Alternative names for these water based paints include Latex Paints and Emulsion Paints. The use of the term latex developed due to the similarity of acrylic substances to the original latex obtained from rubber trees. The term Emulsion Paints is sometimes used as the acrylic binders are emulsions and not solutions (not dissolved but present as small particles).

Other binders used in water-based paints include Polyurethane binders which give rise to paint called PUD (polyurethane dispersion). Polyurethane binders are sometimes used together with acrylic binders. These are less common and are not covered in this web site. They have gained acceptance in glass coatings, plastic coatings, wood floor coatings, automotive coatings, soft-touch coatings and some other applications. There is little doubt that their application will increase. Simply having urethane rheology modifiers, which are commonly used, is very different to paint with polyurethane binders. The use of the term, "contains urethane" may be misleading (possibly deliberately intended to mislead).

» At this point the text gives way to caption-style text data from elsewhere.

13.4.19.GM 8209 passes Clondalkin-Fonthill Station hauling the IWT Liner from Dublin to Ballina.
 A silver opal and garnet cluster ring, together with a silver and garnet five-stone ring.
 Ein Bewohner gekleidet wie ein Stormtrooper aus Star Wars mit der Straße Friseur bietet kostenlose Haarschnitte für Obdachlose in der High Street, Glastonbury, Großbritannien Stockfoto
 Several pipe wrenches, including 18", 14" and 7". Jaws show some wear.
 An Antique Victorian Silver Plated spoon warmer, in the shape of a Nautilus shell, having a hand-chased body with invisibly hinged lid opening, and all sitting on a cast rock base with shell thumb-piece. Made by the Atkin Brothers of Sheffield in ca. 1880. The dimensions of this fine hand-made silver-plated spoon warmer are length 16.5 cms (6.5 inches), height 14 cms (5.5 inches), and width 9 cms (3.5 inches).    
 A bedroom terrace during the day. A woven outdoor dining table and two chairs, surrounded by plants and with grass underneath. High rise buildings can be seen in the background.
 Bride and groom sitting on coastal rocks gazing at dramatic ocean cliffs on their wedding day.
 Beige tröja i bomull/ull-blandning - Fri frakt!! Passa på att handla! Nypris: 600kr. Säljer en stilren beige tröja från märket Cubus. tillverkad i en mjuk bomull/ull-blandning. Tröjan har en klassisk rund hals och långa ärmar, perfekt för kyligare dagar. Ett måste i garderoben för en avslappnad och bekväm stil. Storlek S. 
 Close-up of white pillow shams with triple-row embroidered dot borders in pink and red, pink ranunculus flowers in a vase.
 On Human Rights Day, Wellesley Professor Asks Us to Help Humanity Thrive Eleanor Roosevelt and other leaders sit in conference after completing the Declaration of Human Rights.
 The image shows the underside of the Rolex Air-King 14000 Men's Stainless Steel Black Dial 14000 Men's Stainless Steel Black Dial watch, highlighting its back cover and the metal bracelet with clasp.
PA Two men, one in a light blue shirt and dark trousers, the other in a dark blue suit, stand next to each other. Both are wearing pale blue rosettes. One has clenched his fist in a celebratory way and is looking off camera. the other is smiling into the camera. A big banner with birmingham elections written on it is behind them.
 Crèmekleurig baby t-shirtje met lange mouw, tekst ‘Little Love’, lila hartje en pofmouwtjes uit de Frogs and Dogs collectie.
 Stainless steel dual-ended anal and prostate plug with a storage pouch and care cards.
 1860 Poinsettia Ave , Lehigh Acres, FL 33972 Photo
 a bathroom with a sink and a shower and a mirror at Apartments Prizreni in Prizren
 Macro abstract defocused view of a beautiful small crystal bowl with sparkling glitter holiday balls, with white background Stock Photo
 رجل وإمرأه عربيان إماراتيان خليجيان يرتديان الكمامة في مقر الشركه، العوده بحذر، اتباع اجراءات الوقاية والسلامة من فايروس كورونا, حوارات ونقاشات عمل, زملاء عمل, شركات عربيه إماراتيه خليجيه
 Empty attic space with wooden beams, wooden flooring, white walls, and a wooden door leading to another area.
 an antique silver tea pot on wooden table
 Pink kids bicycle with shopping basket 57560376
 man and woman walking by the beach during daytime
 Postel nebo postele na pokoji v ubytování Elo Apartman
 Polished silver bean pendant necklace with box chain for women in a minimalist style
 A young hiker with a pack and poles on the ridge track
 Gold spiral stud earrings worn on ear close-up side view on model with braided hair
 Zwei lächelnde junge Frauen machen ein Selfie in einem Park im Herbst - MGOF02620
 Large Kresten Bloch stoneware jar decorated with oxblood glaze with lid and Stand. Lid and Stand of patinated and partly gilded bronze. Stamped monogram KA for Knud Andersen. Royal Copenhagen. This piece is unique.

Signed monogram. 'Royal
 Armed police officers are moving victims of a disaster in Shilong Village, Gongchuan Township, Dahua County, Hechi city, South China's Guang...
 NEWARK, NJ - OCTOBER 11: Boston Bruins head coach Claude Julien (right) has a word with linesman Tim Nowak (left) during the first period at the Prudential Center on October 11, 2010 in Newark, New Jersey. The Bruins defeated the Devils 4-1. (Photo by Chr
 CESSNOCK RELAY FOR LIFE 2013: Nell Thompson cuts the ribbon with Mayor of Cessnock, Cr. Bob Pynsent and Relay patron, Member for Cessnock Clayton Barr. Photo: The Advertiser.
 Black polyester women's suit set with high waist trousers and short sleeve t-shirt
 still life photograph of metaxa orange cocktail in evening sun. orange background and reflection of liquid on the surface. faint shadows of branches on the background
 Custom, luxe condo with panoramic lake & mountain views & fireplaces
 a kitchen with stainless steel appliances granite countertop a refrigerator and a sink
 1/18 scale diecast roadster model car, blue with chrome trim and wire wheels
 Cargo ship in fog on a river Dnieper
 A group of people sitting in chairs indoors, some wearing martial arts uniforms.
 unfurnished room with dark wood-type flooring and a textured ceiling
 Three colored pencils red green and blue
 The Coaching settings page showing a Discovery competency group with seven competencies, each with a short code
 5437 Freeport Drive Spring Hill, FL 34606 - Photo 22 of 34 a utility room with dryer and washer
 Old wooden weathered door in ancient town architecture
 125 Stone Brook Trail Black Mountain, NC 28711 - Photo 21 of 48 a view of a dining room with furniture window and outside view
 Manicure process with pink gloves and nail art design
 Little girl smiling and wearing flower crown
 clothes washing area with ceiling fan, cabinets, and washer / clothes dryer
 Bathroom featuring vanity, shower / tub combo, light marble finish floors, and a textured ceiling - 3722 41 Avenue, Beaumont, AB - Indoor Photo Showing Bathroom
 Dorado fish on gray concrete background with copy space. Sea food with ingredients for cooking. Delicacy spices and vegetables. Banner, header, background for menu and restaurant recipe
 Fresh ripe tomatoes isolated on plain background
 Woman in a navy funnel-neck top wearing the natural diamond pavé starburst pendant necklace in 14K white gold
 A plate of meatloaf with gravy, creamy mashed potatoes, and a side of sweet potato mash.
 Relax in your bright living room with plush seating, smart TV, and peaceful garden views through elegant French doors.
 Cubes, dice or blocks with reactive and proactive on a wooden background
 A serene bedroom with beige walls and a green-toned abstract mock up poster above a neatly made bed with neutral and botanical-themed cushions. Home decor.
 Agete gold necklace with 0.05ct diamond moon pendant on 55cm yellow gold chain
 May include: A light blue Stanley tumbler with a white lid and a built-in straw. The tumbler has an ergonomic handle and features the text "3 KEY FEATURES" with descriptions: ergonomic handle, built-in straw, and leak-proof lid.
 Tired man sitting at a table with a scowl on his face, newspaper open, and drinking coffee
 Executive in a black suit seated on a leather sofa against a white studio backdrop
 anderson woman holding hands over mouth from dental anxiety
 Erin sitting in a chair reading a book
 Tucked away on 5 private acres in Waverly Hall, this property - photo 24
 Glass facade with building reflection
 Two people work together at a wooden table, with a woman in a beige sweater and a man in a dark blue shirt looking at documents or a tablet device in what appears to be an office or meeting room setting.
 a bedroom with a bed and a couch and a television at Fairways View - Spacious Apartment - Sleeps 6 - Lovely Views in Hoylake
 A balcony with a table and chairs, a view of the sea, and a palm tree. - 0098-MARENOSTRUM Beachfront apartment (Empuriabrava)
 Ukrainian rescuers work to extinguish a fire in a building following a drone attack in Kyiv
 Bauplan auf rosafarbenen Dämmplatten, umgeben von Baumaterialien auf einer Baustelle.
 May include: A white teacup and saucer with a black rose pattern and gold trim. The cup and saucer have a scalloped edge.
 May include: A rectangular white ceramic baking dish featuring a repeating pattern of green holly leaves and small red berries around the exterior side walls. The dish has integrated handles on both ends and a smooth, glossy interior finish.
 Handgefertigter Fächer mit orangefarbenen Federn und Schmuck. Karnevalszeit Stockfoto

Alkyd emulsions are new oil based binders that can be used in water based paints. The technology is aimed at using alkyd binders without the negative solvent impacts associated with normal alkyd paints.

More about water-based acrylic paints

The most common binders used in water-based acrylic paints are VINYL ACRYLIC, STYRENE ACRYLIC and PURE ACRYLIC. PVA (polyvinyl acetate) binders are no longer widely used but water based paints are still frequently referred to as PVAs.

Water-based acrylic paints took the world by storm having steadily gained momentum since the 60s. In a relatively short period they have captured 80% of the world´s total paint market. The driving force behind this dramatic industry change has been lower cost, excellent durability and other quality improvements, improved ease of use and environmental and health considerations.

There should be no misconception that water-based paints are not as strong or durable as oil-based paints. Chemistry developments in plastics have been the technical driving force behind water-based paints and the developments in polymer chemistry, used in plastics, have been dramatic over the past years. The high flexible nature of water-based acrylic paints frequently makes them even more durable than oil-based paints which are more prone to being chipped and less able to withstand the expansion and contraction of surfaces. Water based paints are also more permeable so some dampness behind the paint layer can escape giving less tendency to peel than with solvent based paint. In general hardness and flexibility are trade offs; when one increases the other decreases. Acrylic paints tend to have a better balance of these two properties by not being so hard or brittle that they chip easily and having higher flexibility. There are applications where solvent paints have tended to perform better; corrosions resistance, wood coatings, bonding liquids and high gloss paints are examples. Water-based technology is rapidly closing any remaining gaps in these fields of application.
 

• Architectural Paint refers to paints commonly used to paint the interior and exterior of houses and buildings; also called decorative paints.
• Industrial Paint includes a wide variety of specialised paints. Automotive Paints, Anti-corrosion Paints and Road Marking Paints are examples of industrial paints. It is interesting to note that even these, including metallic automotive paints, have rapidly moved to water-based technology.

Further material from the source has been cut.